What is being asked: Among the records that follow, find the line with "Adidas Men Tech-Fit" and the line with "Rondelle Firepolished Beads". Set down those lines and all lines between them exactly, without adding anything.

Record extracts:
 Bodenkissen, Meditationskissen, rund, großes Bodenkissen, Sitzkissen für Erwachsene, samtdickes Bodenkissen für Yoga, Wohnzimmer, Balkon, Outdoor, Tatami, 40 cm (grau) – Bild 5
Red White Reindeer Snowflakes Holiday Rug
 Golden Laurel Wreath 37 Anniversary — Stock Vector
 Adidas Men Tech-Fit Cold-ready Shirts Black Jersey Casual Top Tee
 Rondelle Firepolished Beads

* * *

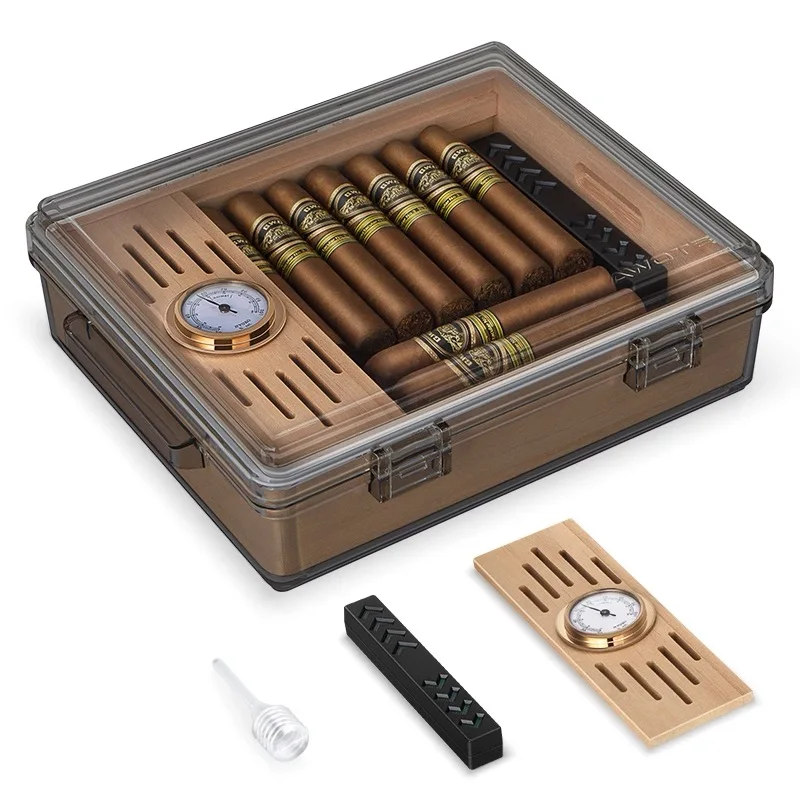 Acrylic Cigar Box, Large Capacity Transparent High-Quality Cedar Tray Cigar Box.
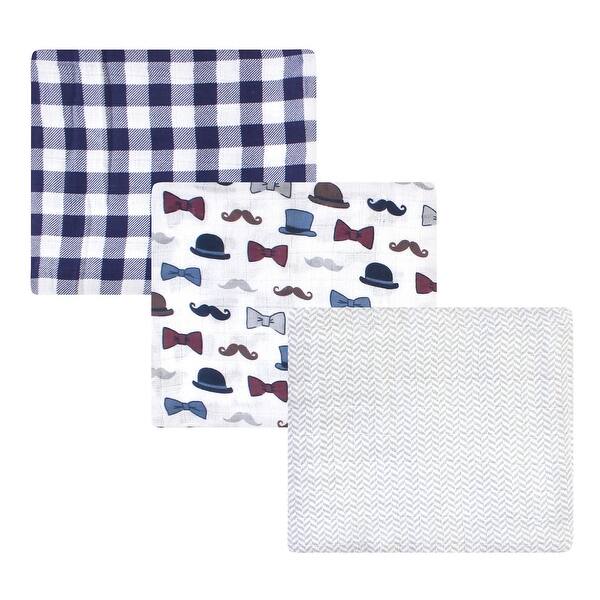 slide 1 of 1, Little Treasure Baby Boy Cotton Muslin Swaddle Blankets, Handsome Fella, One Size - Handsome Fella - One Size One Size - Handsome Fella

...

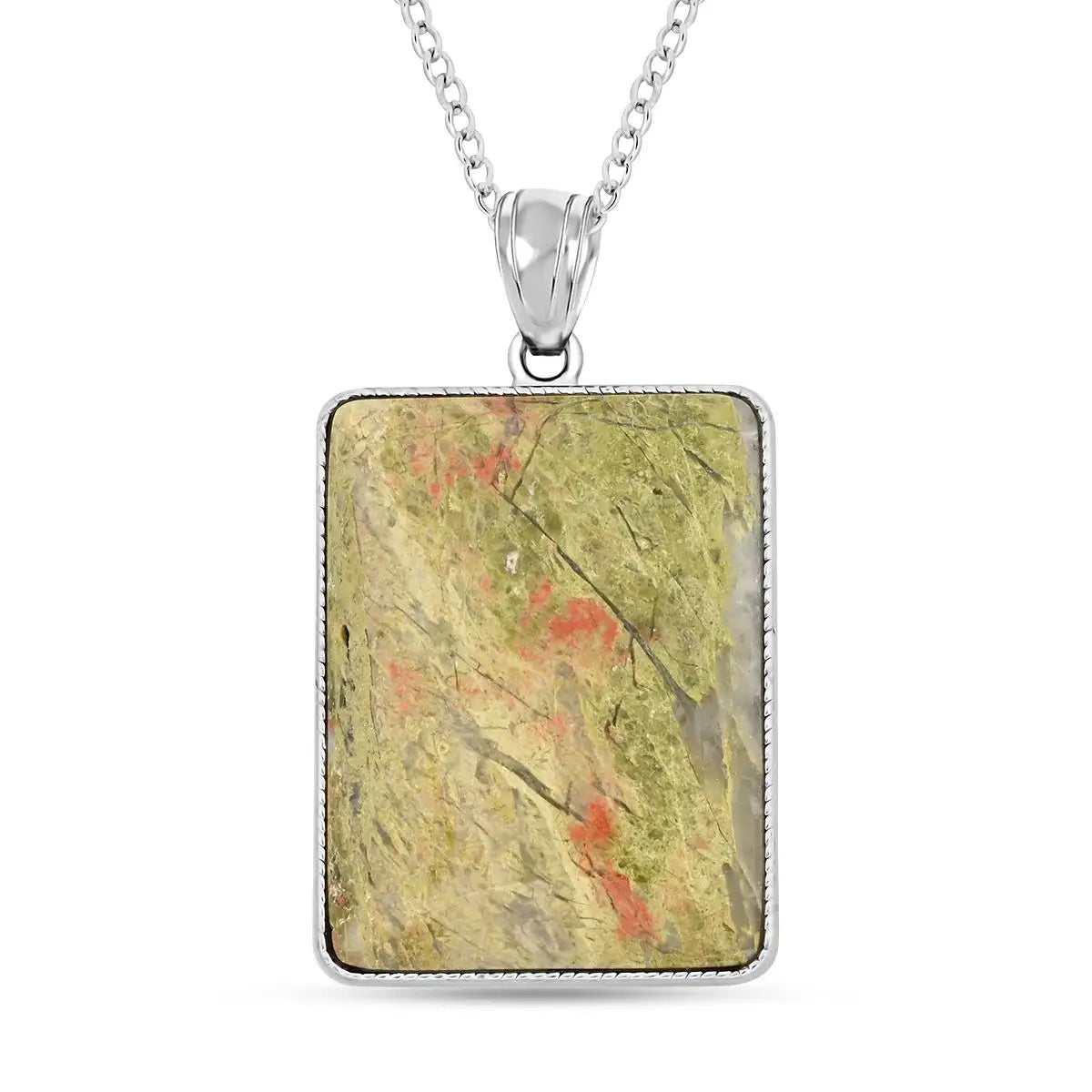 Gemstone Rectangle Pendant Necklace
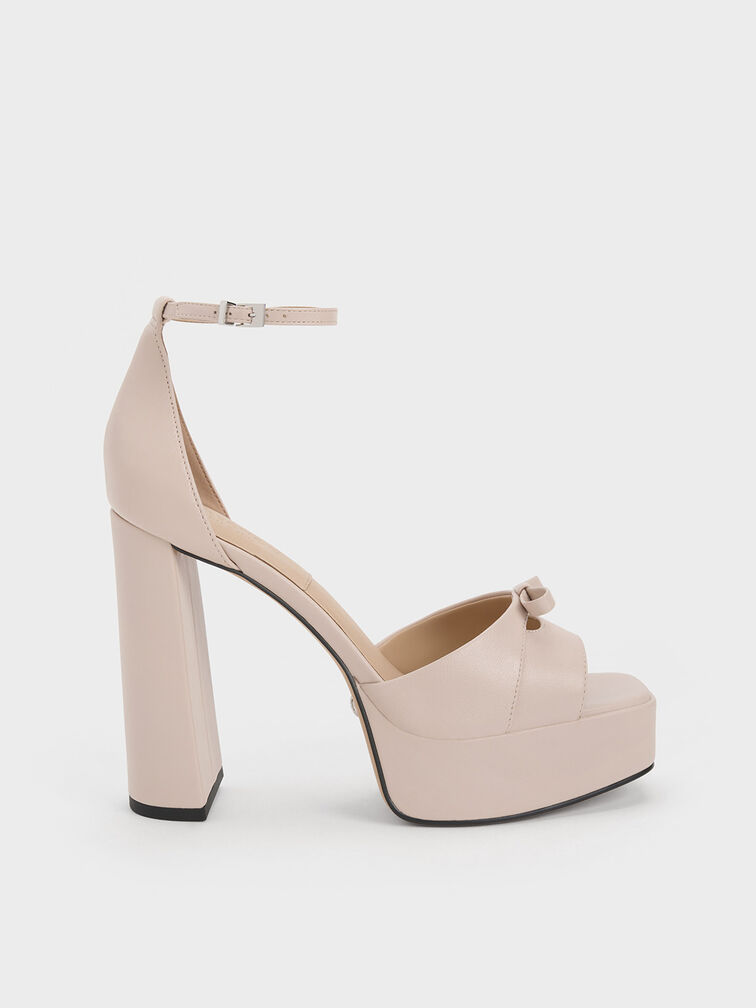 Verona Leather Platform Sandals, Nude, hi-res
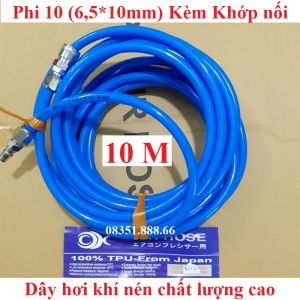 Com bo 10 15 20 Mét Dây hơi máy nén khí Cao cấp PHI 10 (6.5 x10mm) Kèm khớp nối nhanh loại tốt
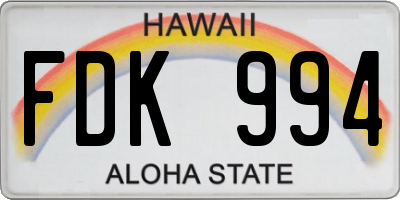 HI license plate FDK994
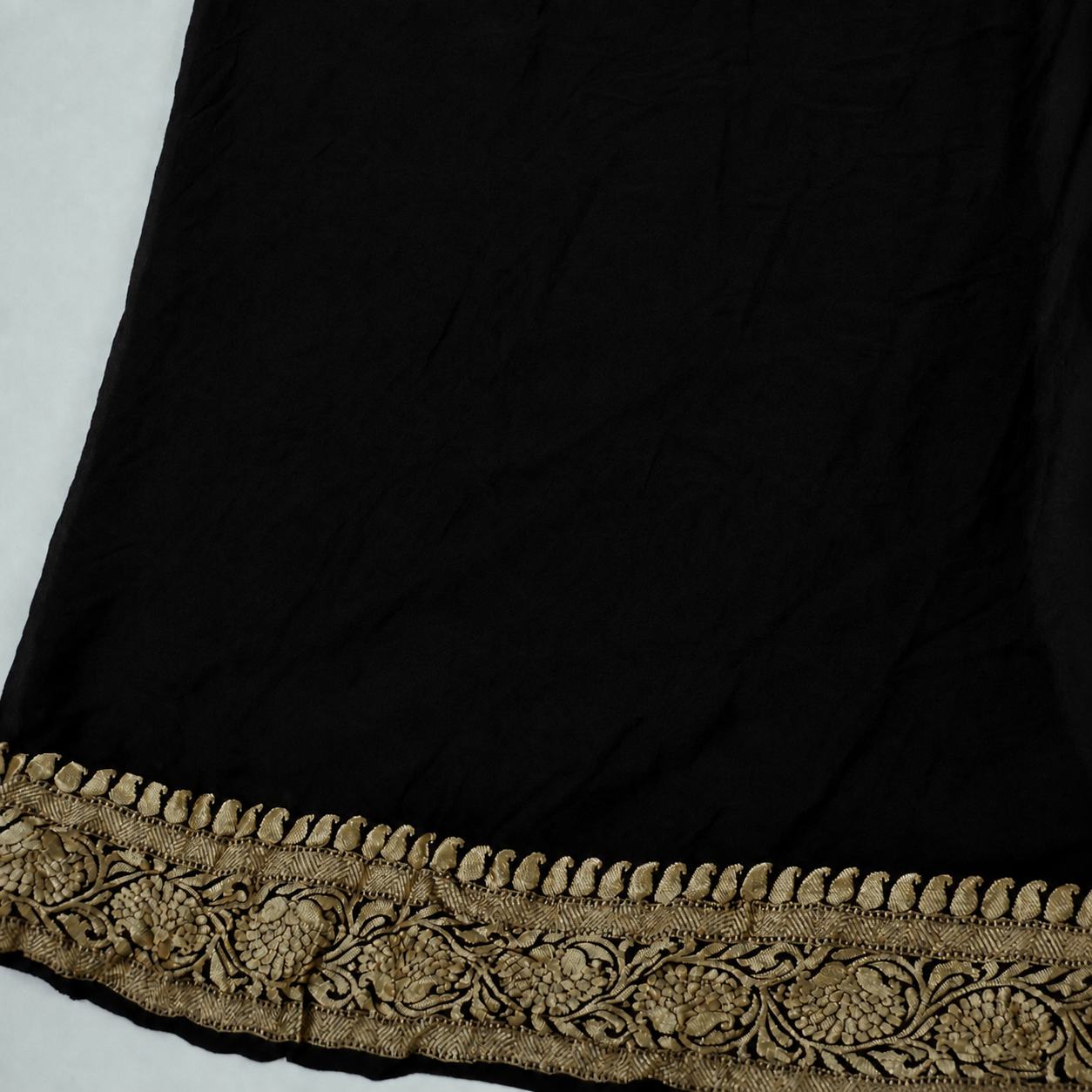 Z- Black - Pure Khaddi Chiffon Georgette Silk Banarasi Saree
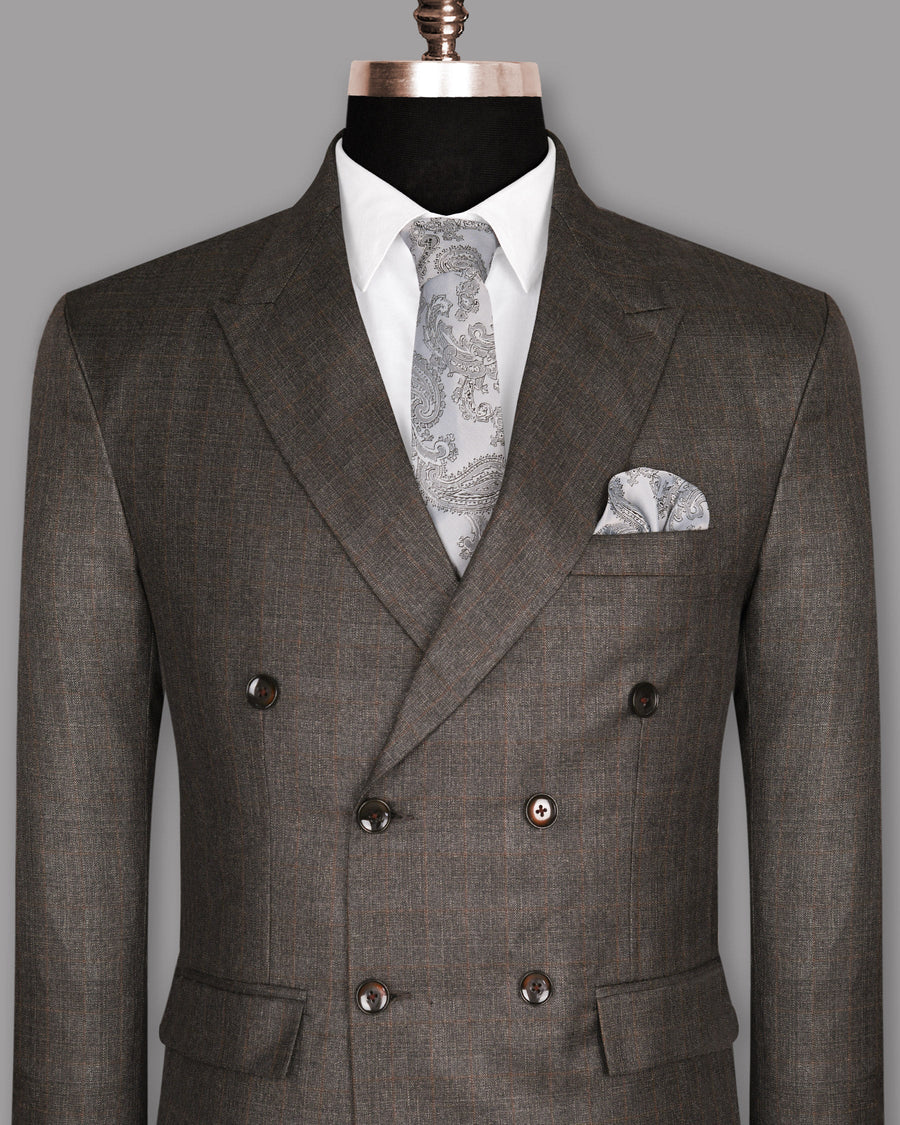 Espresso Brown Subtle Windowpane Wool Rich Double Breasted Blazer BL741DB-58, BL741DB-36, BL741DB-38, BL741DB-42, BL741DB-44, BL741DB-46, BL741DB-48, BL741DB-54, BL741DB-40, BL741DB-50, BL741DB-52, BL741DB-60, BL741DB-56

The answer:
 Adidas Men Tech-Fit Cold-ready Shirts Black Jersey Casual Top Tee
 Rondelle Firepolished Beads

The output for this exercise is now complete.